Since the last collective bargaining conference in 2014, the European economy has certainly improved. There is positive production growth and employment is reaching pre-crisis levels.
Recovery has only been of limited benefit to workers. The consequences of a decade of deregulation and austerity policies are still visible in Europe, particularly in the labour market. There is still widespread precarious work in terms of fixed-term contracts, agency work, involuntary part-time work and zero-hour contracts. New forms of work linked to IT platforms are mushrooming up, leaving employed people to a life as freelance workers.
Addressing these issues, a number of key documents were prepared, presented and approved at the industriAll Europe Collective Bargaining Conference.
• A Political Resolution on collective bargaining, social policies and the role of trade unions (EN FR DE)
Now that the European economy is gradually recovering, trade unions demand investment and offensive policies for equal distribution. Jobs in a future digitalised working life must be quality jobs, meaning well-paid jobs with open-ended contracts as the main rule. Collective bargaining is the tool with which to achieve this.

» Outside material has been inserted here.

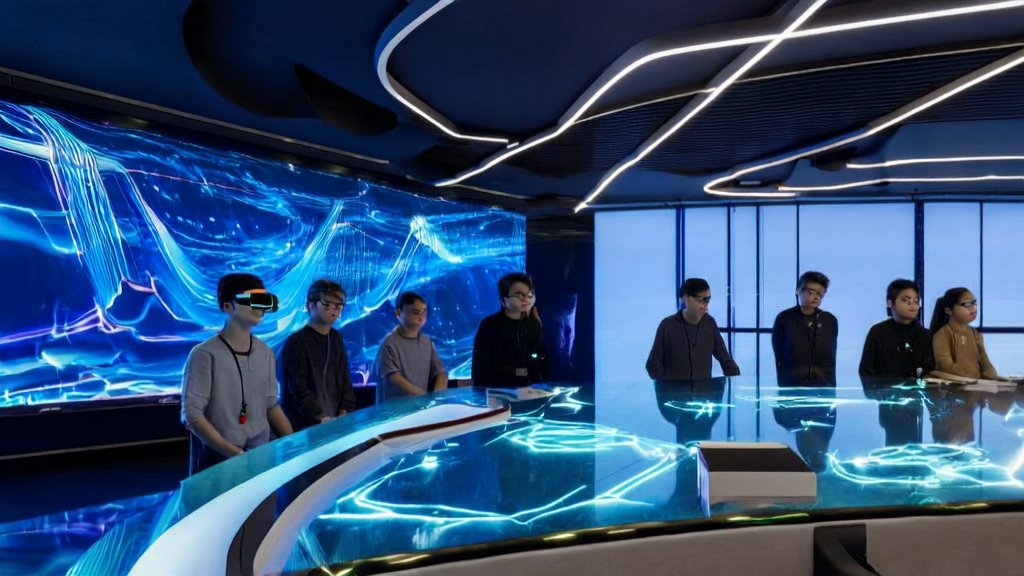 Team collaborating on AI-optimized email marketing using Poe AI chat feature in a futuristic office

• A paper on wage policy (EN FR DE) and a revisit of the industriAll Europe Wage Coordination Rule (EN FR DE)
It is about time that wages are raised for all categories of workers. A minimum demand from our side is that workers receive compensation for inflation and a fair share of productivity gains. Wages in Central and Eastern Europe Countries are lagging very much behind western European wages. Real wage increases that go well beyond productivity growth must be achieved in the new Member States. If not, young generations of qualified workers will continue to leave their countries.
• The Working Time Charter (EN FR DE)
Working time is a key element of working conditions that needs to be continuously evaluated in the light of new technology and new forms of employment. In the years since the onset of the crisis in 2008 we have seen increased pressure for flexibility and a trend towards increases in real working time. For the trade union movement, it is imperative to avoid a downward spiral in this field and a race to the bottom. Establishing common standards on working time policy is essential to improving health and safety at work and the quality of working life, to ensuring work-life balance and to securing employment.
• A set of Principles for future pension policies (This document will be published online shortly)
Pensions are postponed wages that are meant to secure a decent living for workers also after retirement. State pensions must be the dominant pillar so that workers will not be dependent on supplementary pensions from their employers or private savings. The pension benefits must reflect the wage level and the number of years worked.